Five years later: Yes, I can confirm your results. But you can get it much easier: If you drop the restriction non-zero for the first digit, you get 90*10!/2=163.296.000.
(If you google for 163296000 you will get some hits.)
Multiply by 0.9 and you get your number.
Added 25-Jul-2018: Klaus Koch, via e-mail, added the following information:
Wie Sie vielleicht auch schon bemerkt haben, gibt es zwar viele, die über datenschutzrechliche Aspekte der Steuer-ID, aber offenbar nur äußerst wenige, die über die Anzahl möglicher Steuer-IDs nachdenken und sich dazu im Netz äußern. In der Tat teile ich Ihre Überraschung darüber, dass die Anzahl gültiger IDs so erstaunlich gering ist. ... in 2016 [wurde] beschlossen, künftig auch drei gleiche Ziffern zuzulassen, Wikipedia: https://de.wikipedia.org/wiki/Steuerliche_Identifikationsnummer.

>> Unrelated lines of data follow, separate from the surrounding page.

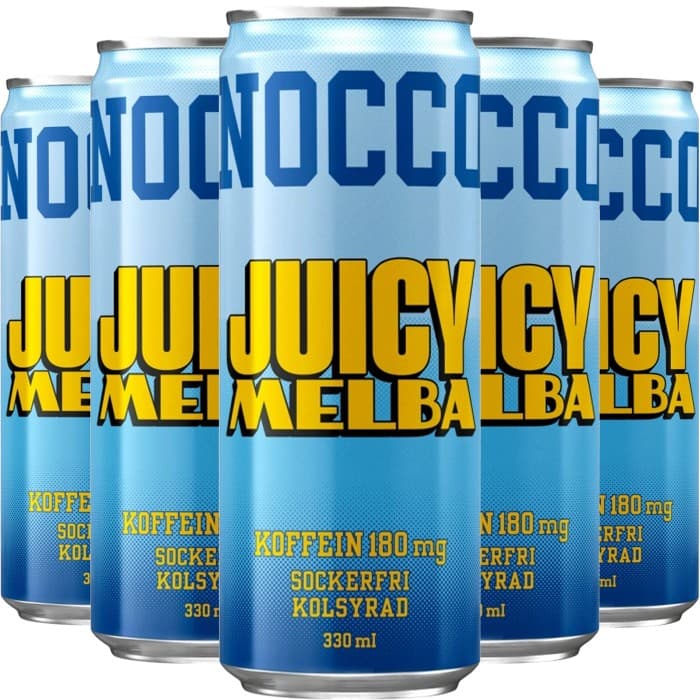 NOCCO Juicy Melba Energidryck 24x33cl – från NOCCO – 449 kr – hos Delitea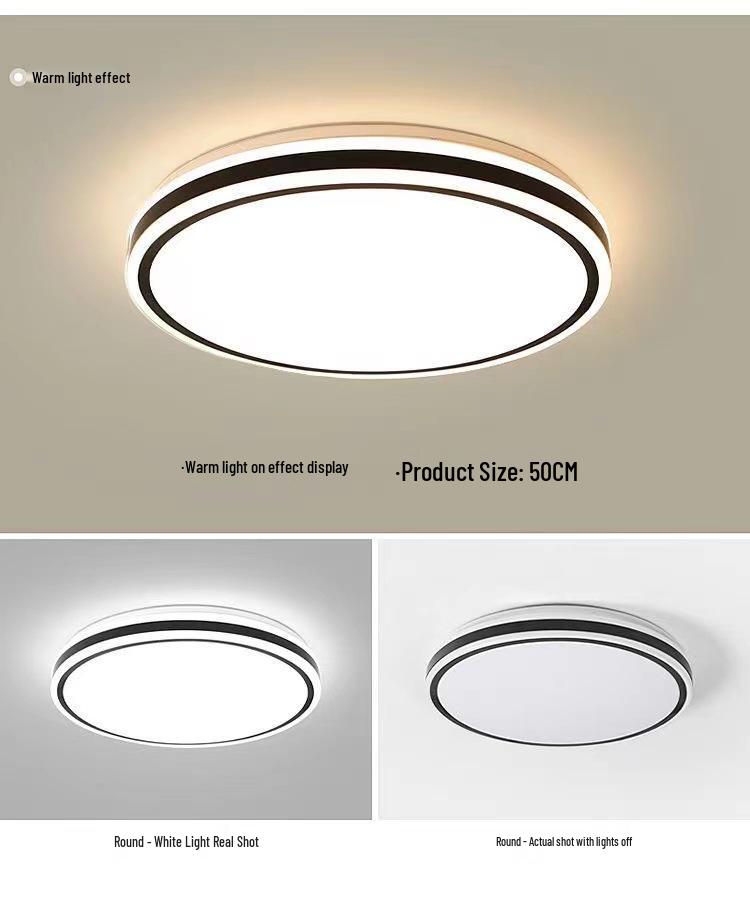 Round Ceiling Light Fixture for Bedroom, Living Room, Restaurant, or Balcony - Simple and Elegant Lighting Solution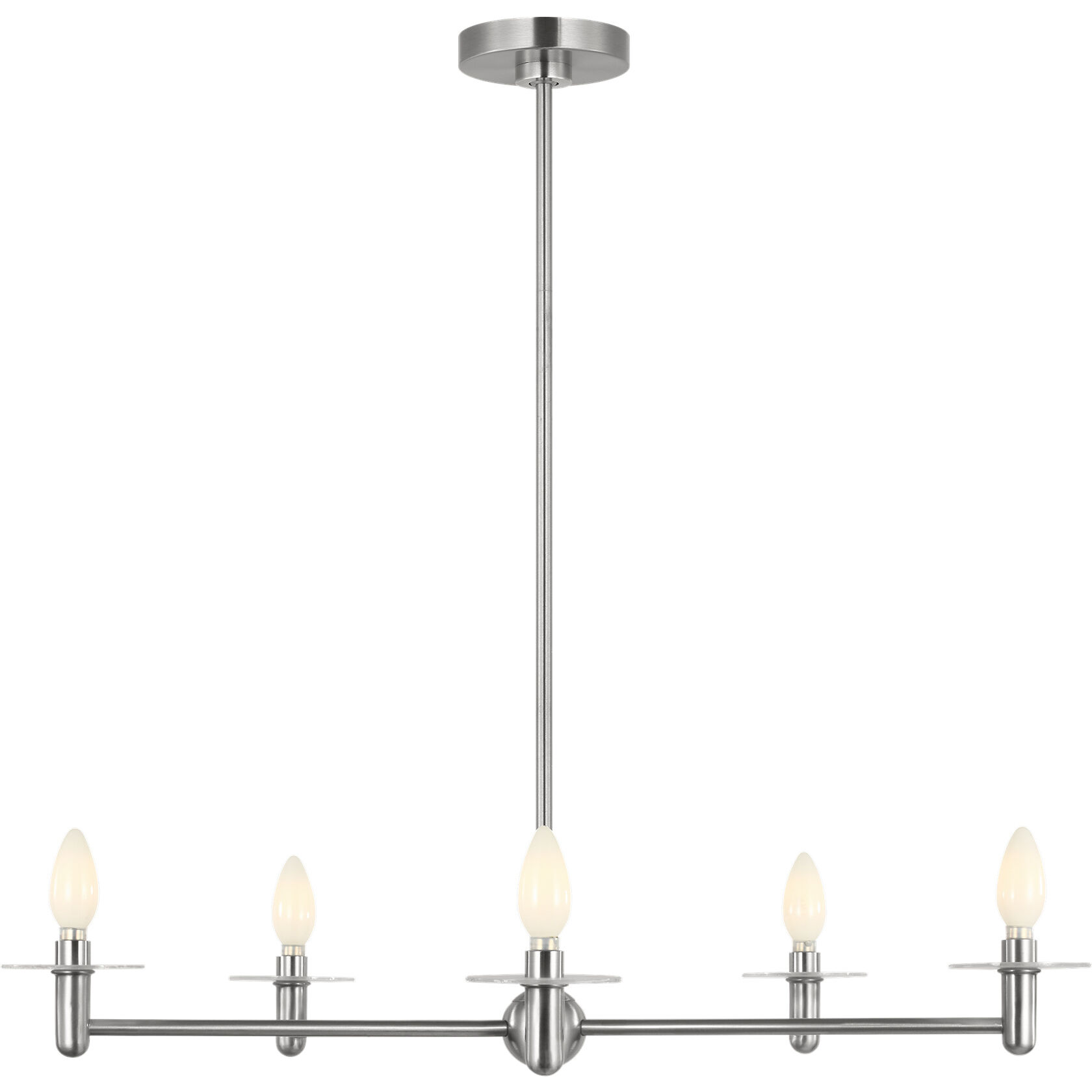 Vilera LED 33.25 inch Brushed Nickel Chandelier Ceiling Light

Nachdem ich das gelesen hatte, mußte ich natürlich neu rechnen (lassen). Microsoft Excel hat die Binomialkoeffizienten, die jeder unter dem Namen n über k kennt, in der Funktion Kombinationen(n;k) versteckt, also =FAKULTÄT(10)*KOMBINATIONEN(10;A3)/FAKULTÄT(A3-1) wobei in A3 die Zahl gleicher Ziffern steht. Hier die ganze Tabelle:
gleiche Anzahl Ziffern Möglichkeiten 2 163296000 (ab 2007) 3 217728000 (ab 2016) 4 127008000 5 38102400 6 6350400 7 604800 8 32400 9 900 10 10
In der [ersten] Zeile werden Lösungen betrachtet, bei denen eine Ziffer gar nicht vorkommt, in der [zweiten] Zeile werden Lösungen betrachtet, bei denen zwei Ziffern gar nicht vorkommen, u.s.w. ... [Ich] habe meinen PC nachzählen lassen, er brauchte nur 10 Minuten für alle 10-stelligen Zahlen... Entwarnung: er kam zum gleichen Ergebnis. Wegen des Ausschlusses einer führenden Null müssen alle Resultate noch mit 0,9 multipliziert werden. Durch die Änderung in 2016 erhöht sich der Pool beträchtlich.
@Klaus Koch: Thanks for these thoughts and calculations!